ジジェクの思考の基本構造を理解しようと思うなら、現にある著作のつながりを絶対視せず、それを適宜バラバラにして、ジジェクの中核的ないし一貫したモチーフに沿って配置しなおさなければならない。そして、その中核的なモチーフを探し出す際に手がかりとなるのは、ある思考の断片がどれほどの頻度でジジェクの著作の中に現れるかということである。というのも、その反復の頻度がそのまま彼にとっての重要度の指標になっていると考えられるからである。(16)
エイドリアン・ジョンストン「超越の内在性-カントからヘーゲルへ」は、カント、シェリング、ヘーゲルを主軸に「超越」の性質を規定する試みである。木元論文においても「限界づけが超越に先立つ」(21)というジジェクのフレーズが紹介されており、ジョンストン論文はこのことを詳細に論じている。
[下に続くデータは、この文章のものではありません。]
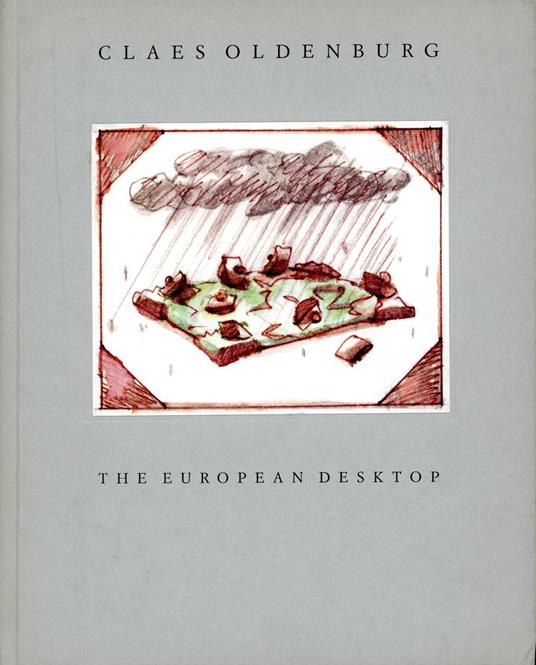 Sketches and Blottings Toward the European Desktop - Claes Oldenburg - copertina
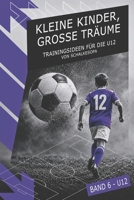 KLEINE KINDER, GROSSE TRÄUME (Band 6): Trainingsideen für die U12 von SchalkesOpa (German Edition) 3911571585 Book Cover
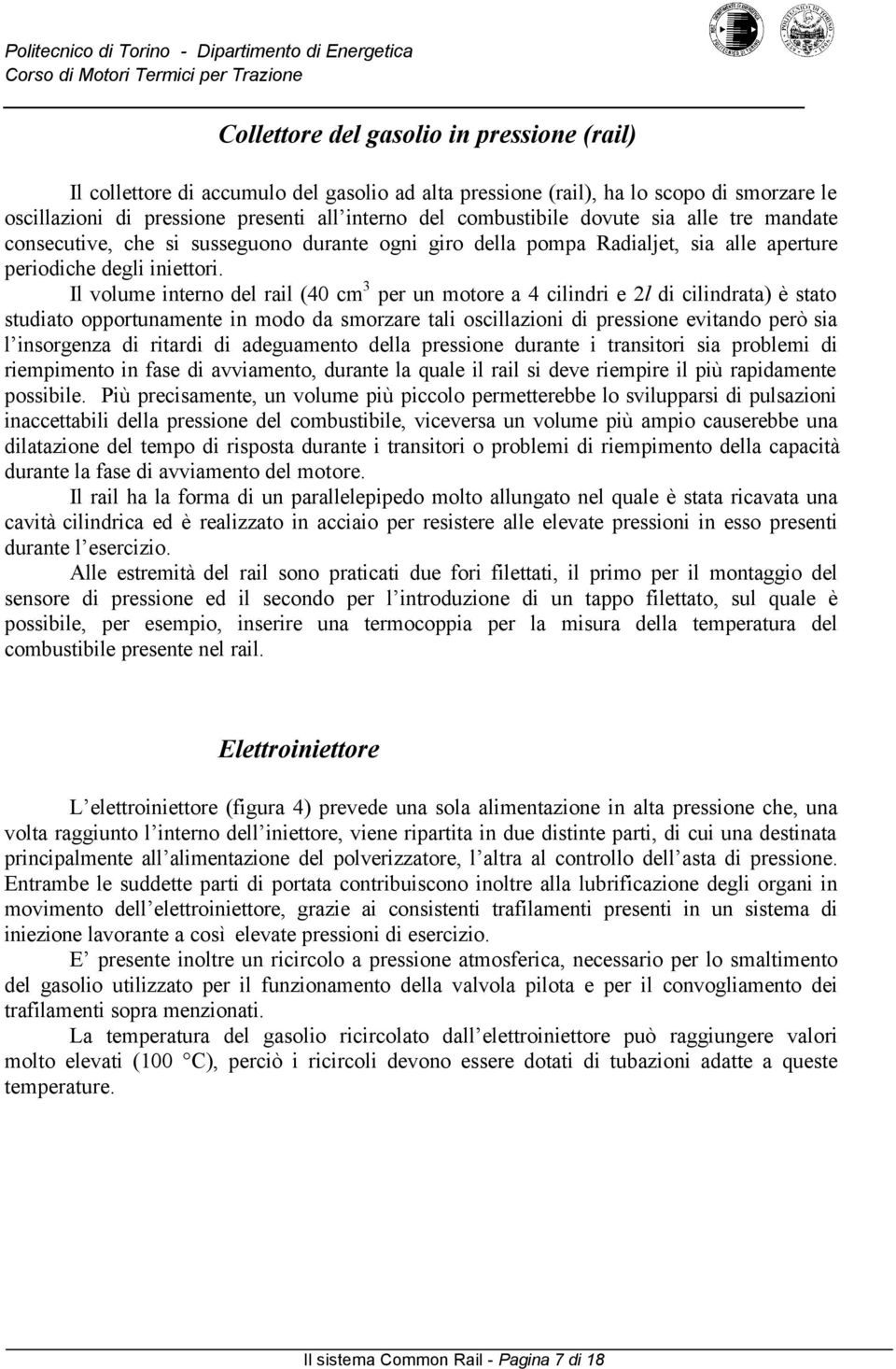 Il volume interno del rail (40 cm 3 per un motore a 4 cilindri e 2l di cilindrata) è stato studiato opportunamente in modo da smorzare tali oscillazioni di pressione evitando però sia l insorgenza di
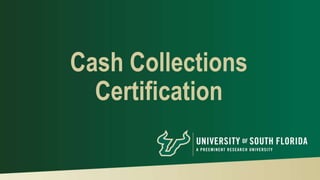 Cash Collections
Certification
 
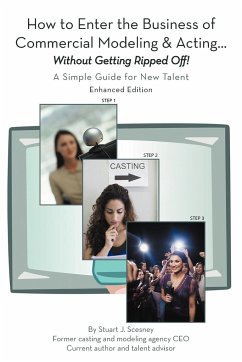 How to Enter the Business of Commercial Modeling and Acting ... Without Getting Ripped Off - Scesney, Stuart J.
そして、この内在と超越への問いこそが、ドイツ観念論が取り組んだ問題を浮き彫りにしているのであり、そのような観点からジョンストン論文は本特集において重要な位置を占めている。
イアン・ハルミトン・グラント「根拠の不充足性-ジジェクのシェリング主義について」は、ジジェクの「シェリング主義」を「気づかれざるフィヒテ主義」(71)と批判しつつ、シェリングの自然哲学をジジェクとは別の仕方で論じている。前出のジョンストン論文では「超越」という「高さ」が、グラント論文では「下降的哲学」という「深さ」が扱われており、両者を対比的に読むことが重要である。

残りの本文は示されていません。